For example, consider the following code snippet, which features the _IG_FetchContent() function. This code fetches the HTML text of the google.com web page, and pops up a browser alert that contains the first 400 characters of the google.com HTML that was returned:

_IG_FetchContent('http://www.google.com/', function (responseText) {
   // print the first 400 characters of Google's homepage HTML
   alert(responseText.substr(0,400));
});

This example illustrates the basic principles behind how all of the _IG_Fetch... functions work:

  1. When _IG_FetchContent() is called, the gadgets API makes an asynchronous HTTP GET request to the URL passed into the function (in this example, the URL is http://www.google.com).
  2. _IG_FetchContent() returns immediately and then calls the inner callback function later, when the fetch finishes. This means that you must put any dependent code inside the callback function, or inside functions called by the callback function.
  3. _IG_FetchContent() returns the HTTP response text as a parameter to the callback function (or an empty string in case of error).
  4. The callback function performs some operations on the returned data. Typically it extracts portions of the data, combines them with HTML markup, and renders the resulting HTML in the gadget.

Callbacks

What is a callback function? For the purpose of this discussion, the simplest way to describe a callback is to say that it's a function that is passed as a parameter (in the form of a function reference) to another function. Callbacks give third-party developers a "hook" into a running framework to do some processing. All of the _IG_Fetch... functions take callbacks as parameters.
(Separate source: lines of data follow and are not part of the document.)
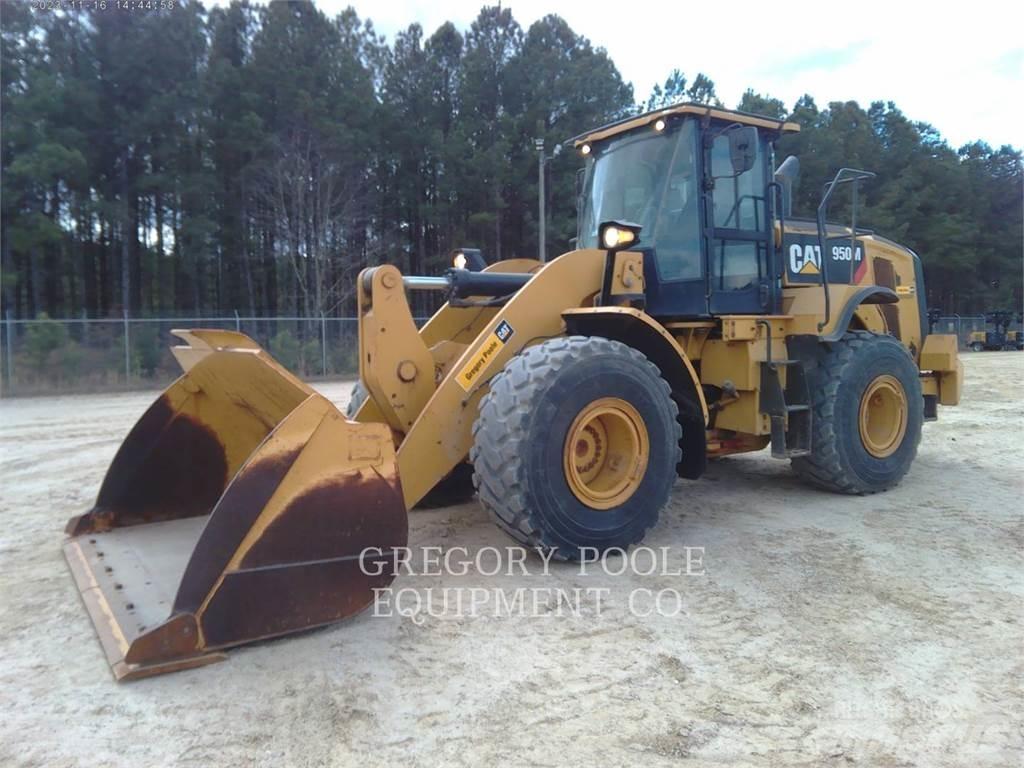 CAT 950M Iekrāvēji uz riteņiem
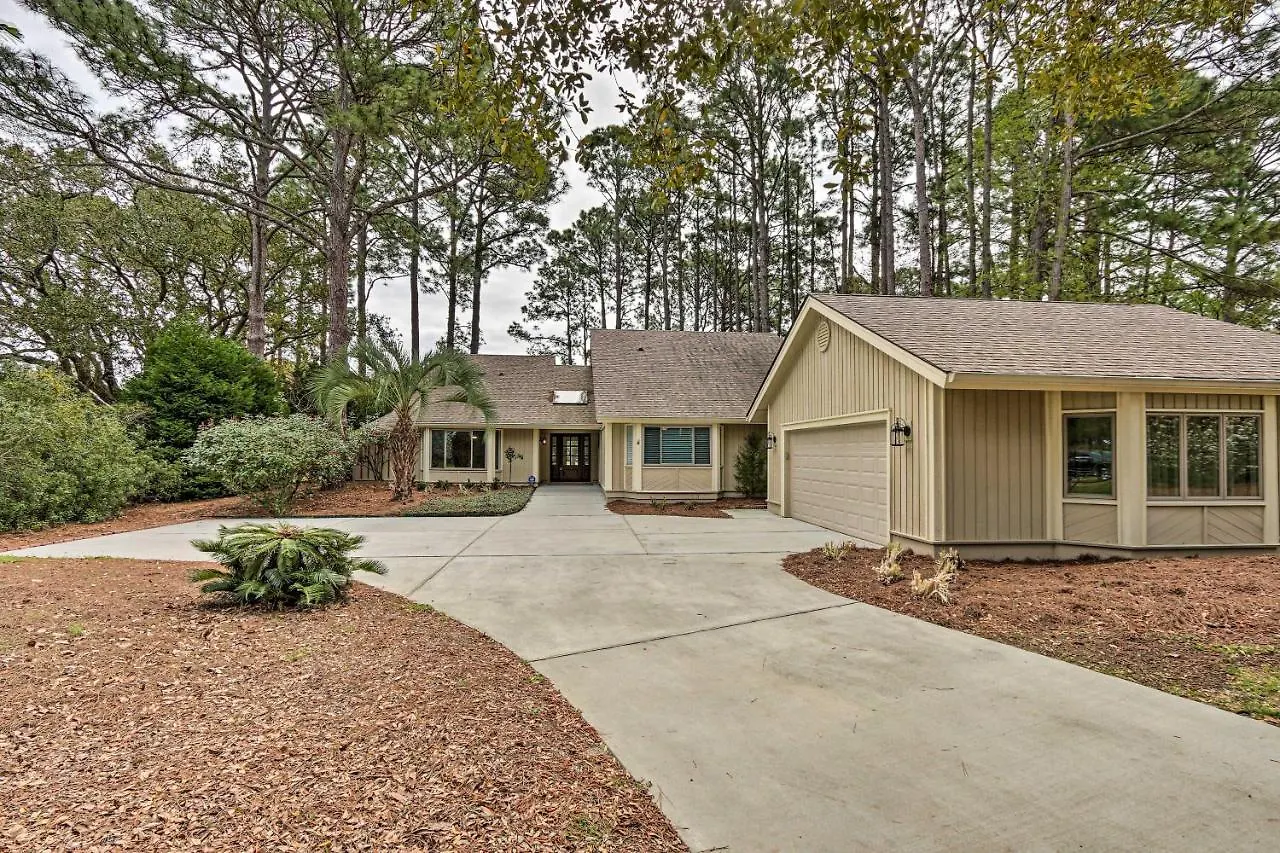 Holiday home Modern Retreat With Patio And Bbq Less Than 1 Mi To Beach! Hilton Head Island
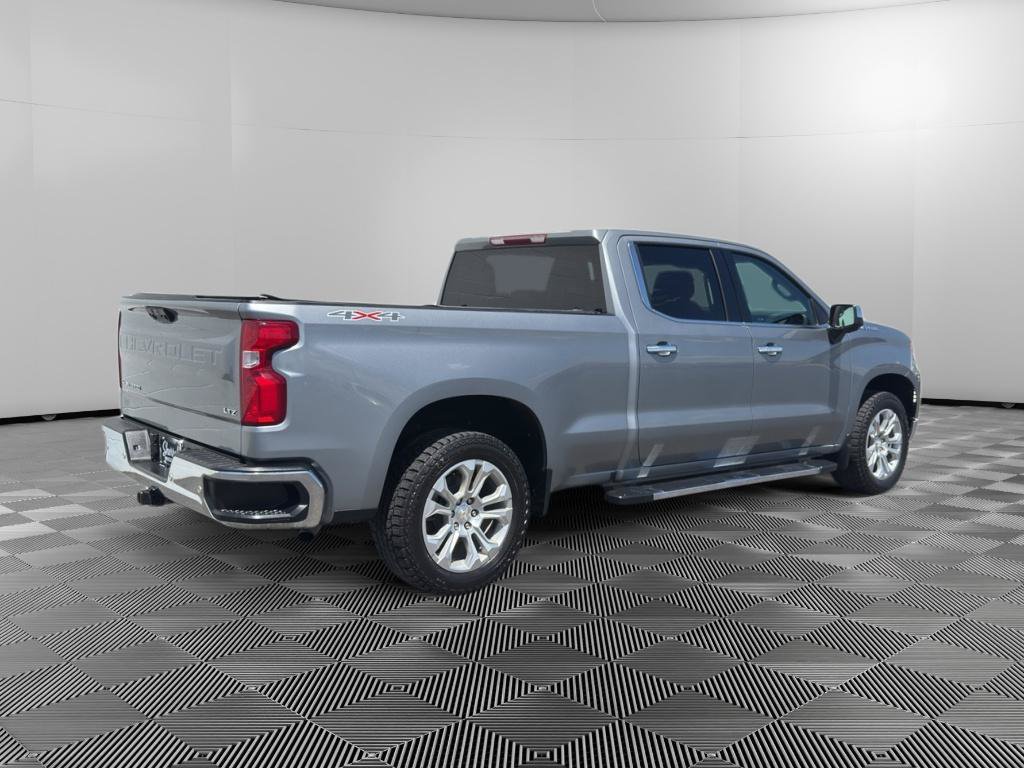 Used 2023 Chevrolet Silverado 1500 LTZ AWD/4WD image 5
Most of the examples in this section show the callback as a function literal (that is, as an anonymous function that is implemented within the body of the outer _IG_Fetch... function). For example:

_IG_FetchContent('http://www.google.com/', function (responseText) {
   // do something
});

But making the callback a function literal is not a requirement. If you prefer, you can implement the callback as a named function. For example, in this snippet, the callback is broken out into a separate function called my_callback_function():

function my_callback_function(responseText) {
    if (responseText == null) return;
        alert(responseText.substr(0,400));
}
// Here the callback is invoked by name
_IG_FetchContent('http://www.google.com/', my_callback_function);

There may be situations where you want to pass extra parameters to the callback function. To make this possible, the gadgets API provides an _IG_Callback(callback, ...) wrapper that lets you add parameters of any number or type to the callback. These extra parameters appear after any parameters the callback function would normally receive. For example, in the code sample below, responseText (the content data) is the first parameter to the callback function. With _IG_Callback, any extra parameters (in this example, limit) appear after the fist parameter (in this example, responseText). The _IG_Callback wrapper can be used in any place that is expecting a function reference for use as a callback function. For example:

// Here my_callback_function takes an additional 'limit' parameter, which
// specifies the upper range of the substring to be displayed in the alert
// panel.
function my_callback_function(responseText, limit) {
     if (responseText == null) return;
         alert(responseText.substr(0, limit));
}
 
// You use the _IG_Callback wrapper to provide additional parameters.             
// In this example, '400' is passed as a parameter to indicate the upper      
// limit for the substring extraction.
_IG_FetchContent('http://www.google.com/', _IG_Callback(my_callback_function, 400));

Working with Text

The most general function for working with remote web content is _IG_FetchContent(url, func). It returns the content of the remote website as text.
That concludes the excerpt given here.